Avant cela, Ibrahim Maalouf aura fait preuve de tout son talent dans l’œuvre de Hummel. Après l’introduction orchestrale de l’Allegro con spirito, le soliste livre un son presque sec et murmuré, laissant tomber les fins de phrases et les notes répétées, montrant une maîtrise très fine et précise de sa colonne d’air y compris dans des nuances très faibles. Progressivement, la trompette sera de plus en plus affirmée avec une explosion réservée pour les dernières mesures du premier mouvement. L’Andante offre ensuite un son plus affirmé et continu, proche de la performance tant certaines phrases sont longues. Les interactions avec l’orchestre se multiplient, le virtuose dansant légèrement lorsqu’il n’est pas en train de jouer. Le Rondo offre enfin un véritable tour de force avec des traits très clairs et articulés malgré la rapidité du tempo. Ibrahim Maalouf joue cette fois avec le court motif thématique, le faisant résonner en levant le pavillon de sa trompette ou, au contraire, l’étouffant en replongeant dans la masse orchestrale au fur et à mesure de l’œuvre. Rejoint pour le bis par un orchestre complété par les musiciens restés en coulisses, le soliste aurait sans doute aimé prolonger un peu plus les échanges avec le public… Mais la cheffe Johanna Malangré esquissera un « non » clair de la tête qui mettra fin à cette première partie.

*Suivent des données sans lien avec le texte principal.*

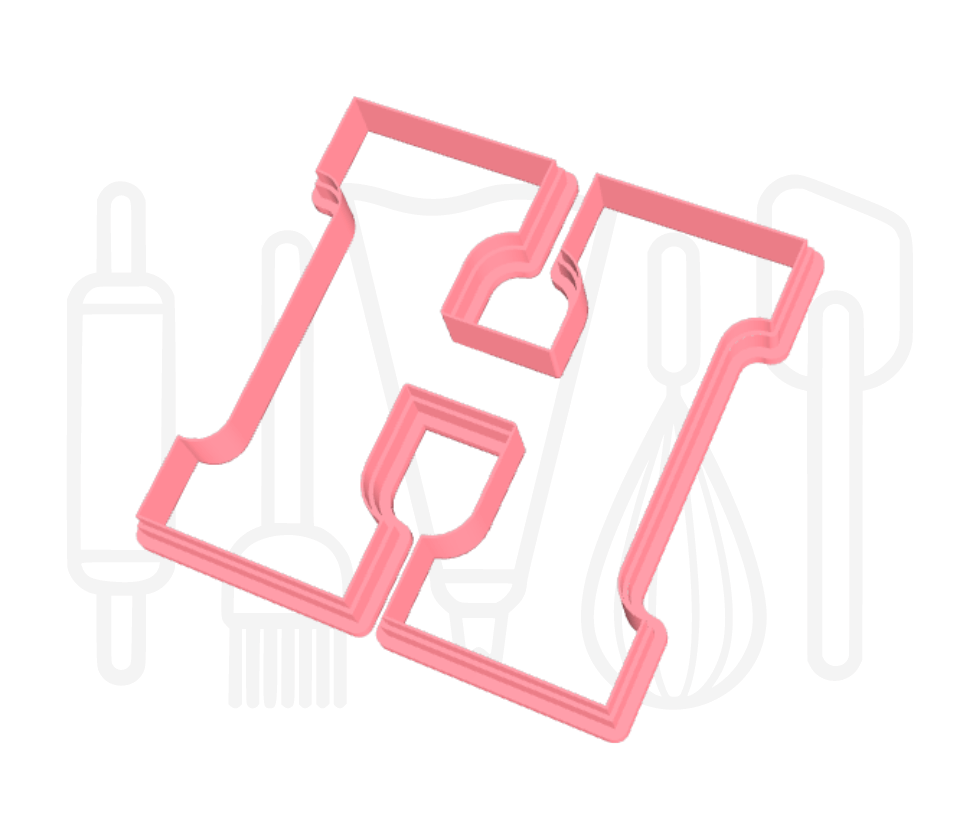 Letter H uitsteker - chocolade letter - 3D geprint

La cohabitation du trompettiste avec l’orchestre et la cheffe allemande, directrice musicale de l’Orchestre de Picardie formée dans la tradition germanique classique, n’est pas sans détonner. Le concert avait débuté dans une atmosphère très sérieuse avec La Belle Mélusine, ouverture de Felix Mendelssohn que Johanna Malangré dirige de manière très rigide. Les traits passent de pupitre en pupitre de façon claire pour les vents et violons, beaucoup moins intelligible pour les violoncelles. Le tutti orchestral reste mesuré. À la réexposition plus forte, l’ensemble donne un rendu assez noyé, qui manque de relief – mais l’acoustique de la salle n’y est sans doute pas pour rien.

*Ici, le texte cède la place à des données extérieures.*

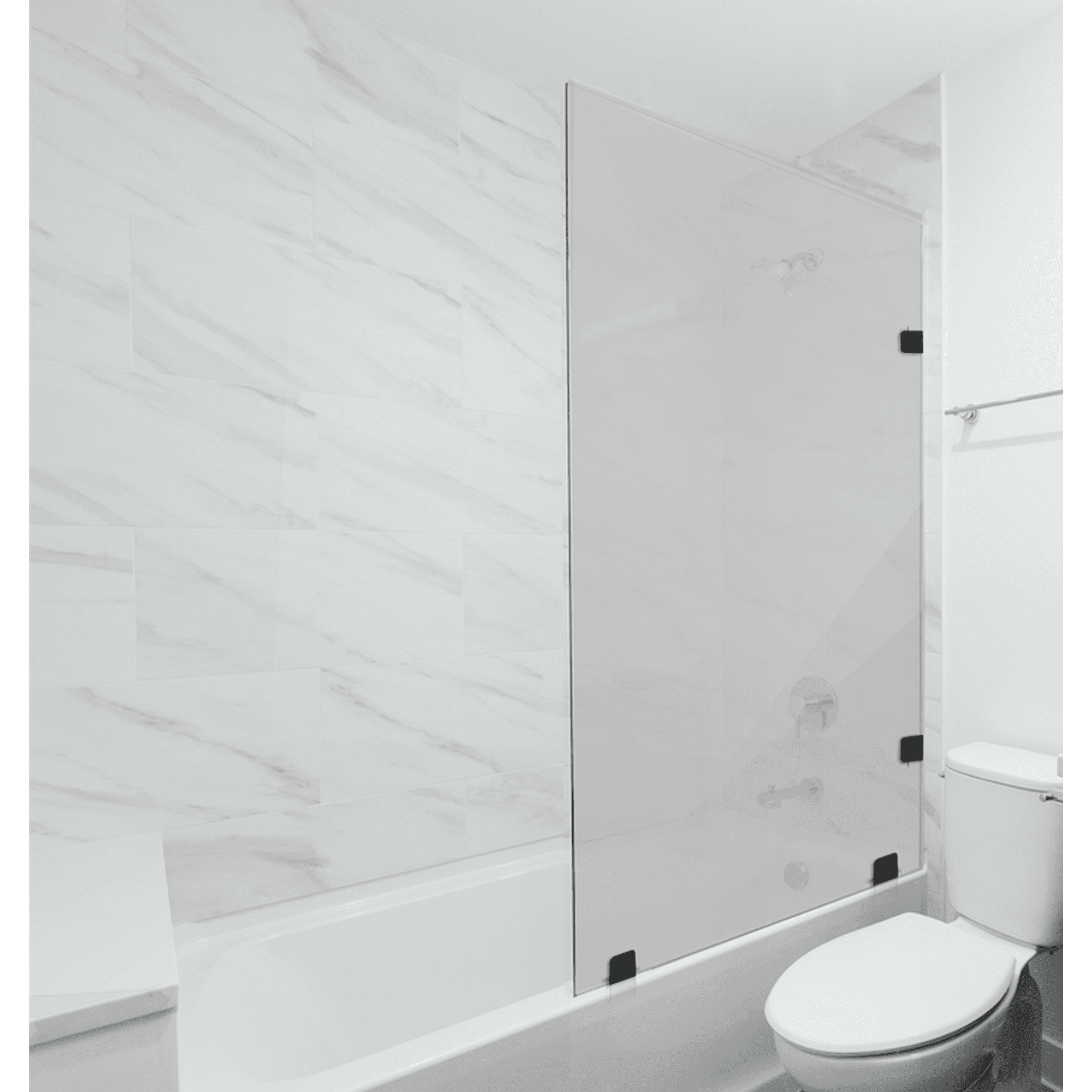 Dellorto - Shower Door Vidrio Templado Con Empavonado 80x150 Cm Herraje Negro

Après l’entracte, la traditionnelle symphonie de seconde partie confirmera ces impressions. C’est un autre romantique, Franz Schubert, qui est cette fois à l’honneur avec sa Symphonie n° 2. L’œuvre est lancée par un premier mouvement qui donne une dimension un peu plus monumentale à l’orchestre avec des jeux sur les nuances plus exacerbés que dans la première partie, mais la direction reste laconique et avare d’individualités. Seules les cordes et les trompettes semblent marquer de leur timbre ce premier mouvement. Le deuxième mouvement Andante montre un contraste marqué avec de subtiles nuances pianissimo malgré un mouvement de baguette quasiment figé. Le caractère dansant du Menuetto allegro vivace est également assez peu exploité. La mélodie passant de pupitre en pupitre semble être le seul élément à sortir de la masse orchestrale, avec un jeu délicat sur les timbres. Enfin, le Presto vivace amène une gestuelle un peu plus individualisée vers chaque pupitre de l’orchestre lorsque chaque groupe s’exprime par des traits… La direction de Johanna Malangré sera toutefois restée extrêmement spartiate tout au long de cette symphonie.

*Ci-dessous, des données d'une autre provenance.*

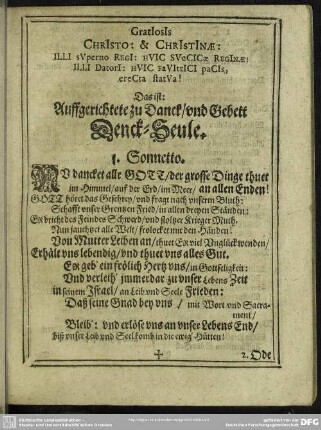 Das ist: Auffgerichtete zu Danck, und Gebett Denck-Seule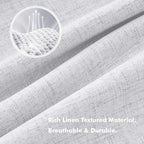 MIULEE 100% Blackout Linen Curtains 42 x 63 Inch Grayish White 2 Panels | - Image 3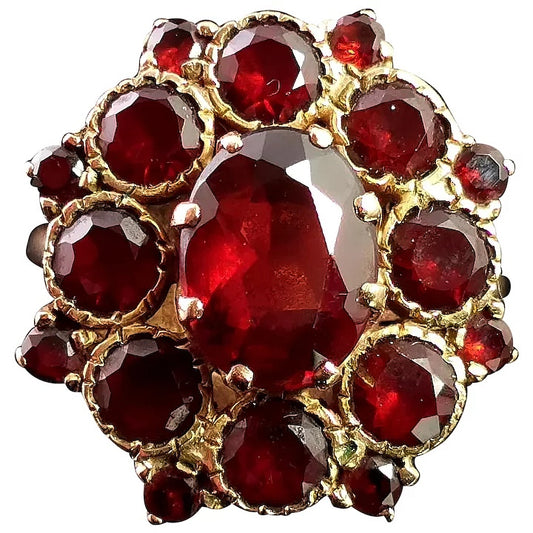 Vintage Garnet cluster ring, 9ct gold, statement ring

Si la soirée reste globalement d’une très haute qualité artistique, le programme aura finalement laissé peu de place aux deux chevilles ouvrières que sont Ibrahim Maalouf et Johanna Malangré pour proposer une véritable osmose et un échange développé avec le public, chacun restant dans son domaine de prédilection, avec plus ou moins de réussite.